Double car bombs wound six people near police station in Egypt's Sinai
Egypt is fighting Islamist insurgents in the region. (AFP/File)
Six people, including two policemen, were wounded on Saturday when two car bombs detonated near a police station in the Sinai Peninsula in Egypt, security sources and the state news agency said.
The two cars exploded when security forces fired at them after their drivers refused to stop near a police station in the Northern Sinai town of Sheikh Zuweid, security sources said.
The two wounded policemen, a captain and a recruit, were transferred to hospital with severe injuries, they added.
The state news agency MENA quoted security sources saying that another two cars raced away from the scene under gunfire from security forces.
Egypt is fighting Islamist insurgents who have killed hundreds of police and soldiers since the army ousted President Mohammed Morsi in 2013 following mass protests against his Islamist rule. The government makes no distinction between Mursi’s Muslim Brotherhood movement and the Sinai-based militants while the Brotherhood denies any links to the insurgents.
In a separate attack, a soldier was shot in the head when unknown gunmen fired at him at a security site in Central Sinai, where militant attacks are rare compared with the north of the rugged, desert region, MENA said.
No one claimed responsibility for Saturday's attacks.
A roadside bomb in Cairo killed a police captain and wounded eight other people on Friday, the interior ministry said.
Last month, Ansar Beit al-Maqdis claimed responsibility for coordinated attacks that killed at least 30 security personnel in Sinai. The militant group changed its name to Sinai Province last year when it swore allegiance to the Islamic State of Iraq and Syria (ISIS) group, the hardline militant group that has seized swathes of Iraq and Syria.

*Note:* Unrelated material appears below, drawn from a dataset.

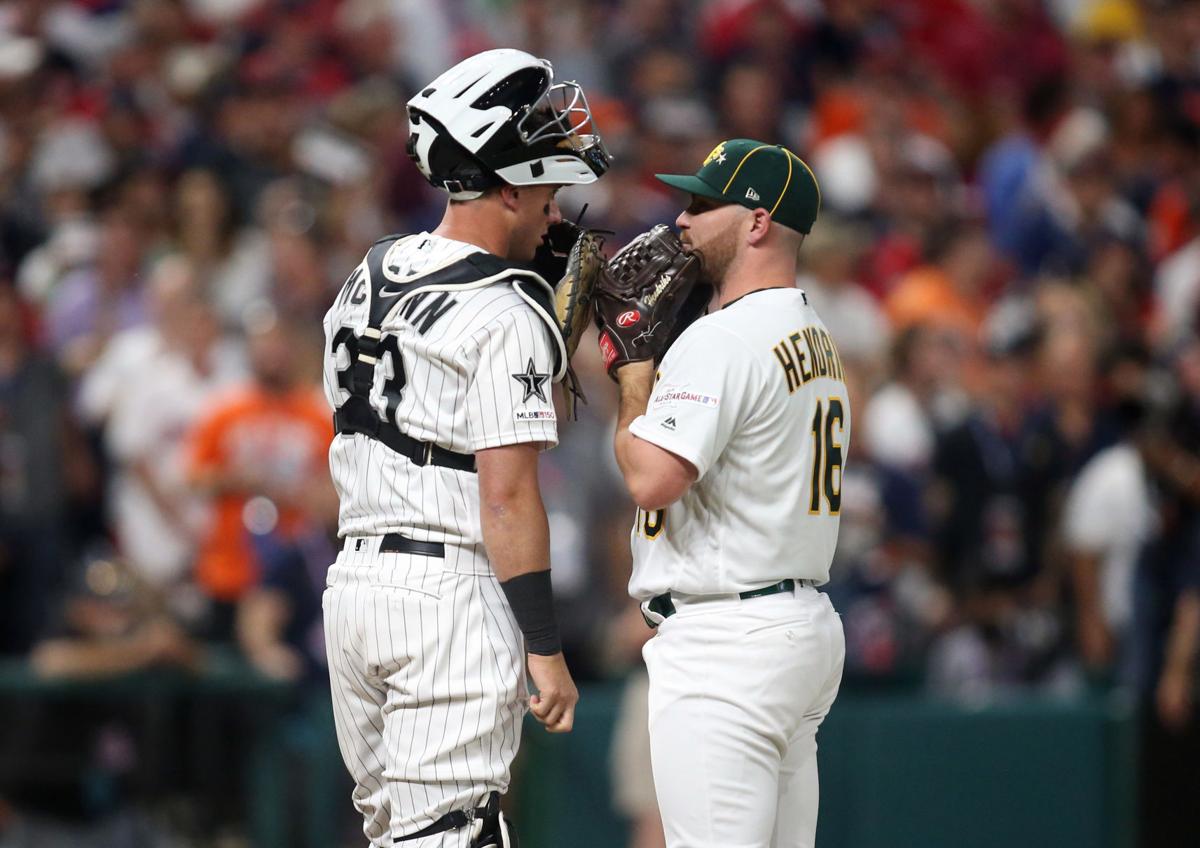 MLB: All Star Game-National League at American League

While most of the worst attacks have hit Sinai, a remote but strategic region bordering Gaza, Israeli-Occupied Palestine and Egypt's Suez Canal, smaller blasts and attacks have become increasingly common in Cairo and other cities.

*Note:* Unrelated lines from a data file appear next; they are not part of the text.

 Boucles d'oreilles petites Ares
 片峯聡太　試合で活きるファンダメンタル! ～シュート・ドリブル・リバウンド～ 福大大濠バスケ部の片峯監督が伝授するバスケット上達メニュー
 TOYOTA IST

In October, a major attack also claimed by Sinai Province in the peninsula that killed at at least 33 members of the security forces prompted the government to declare a state of emergency in parts of Sinai, allow civilians to be tried in military courts, and close the Rafah crossing, Gaza's only outlet to the outside world not under Israeli control.
Egyptian authorities have also decided to completely demolish the city of Rafah, in a bid to create a buffer zone between Egypt and Gaza.
In January, authorities officially began the second stage of evacuation of Rafah houses.
In the first phase, more than 800 homes are being demolished and 1,100 families displaced to build the 500-meter wide, 13.5-kilometer long buffer zone.
The main part of the plan, aimed at blocking the southern borders with Gaza, is being implemented under the pretext of stemming jihadists reportedly infiltrating Egypt's Sinai Peninsula from across the border through the Rafah crossing.